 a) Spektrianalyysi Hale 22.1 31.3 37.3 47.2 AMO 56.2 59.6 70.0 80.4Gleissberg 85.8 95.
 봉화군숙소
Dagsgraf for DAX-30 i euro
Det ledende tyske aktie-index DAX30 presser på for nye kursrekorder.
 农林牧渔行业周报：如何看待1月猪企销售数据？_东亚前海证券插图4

━━━━━━━━━━━━━━━━

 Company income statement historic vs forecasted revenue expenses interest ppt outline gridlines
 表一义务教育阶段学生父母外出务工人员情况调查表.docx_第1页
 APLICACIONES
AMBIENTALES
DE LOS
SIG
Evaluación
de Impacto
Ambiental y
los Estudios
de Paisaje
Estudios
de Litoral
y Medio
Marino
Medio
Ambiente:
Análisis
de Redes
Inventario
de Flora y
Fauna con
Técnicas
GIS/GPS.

━━━━━━━━━━━━━━━━

**Task goal:** A verbatim transcription is needed of the lines above, starting at the line with "a) Spektrianalyysi Hale" and ending at the line with "农林牧渔行业周报：如何看待1月猪企销售数据？_东亚前海证券插图4", both included, and of nothing else.

**Task answer:**
 a) Spektrianalyysi Hale 22.1 31.3 37.3 47.2 AMO 56.2 59.6 70.0 80.4Gleissberg 85.8 95.
 봉화군숙소
Dagsgraf for DAX-30 i euro
Det ledende tyske aktie-index DAX30 presser på for nye kursrekorder.
 农林牧渔行业周报：如何看待1月猪企销售数据？_东亚前海证券插图4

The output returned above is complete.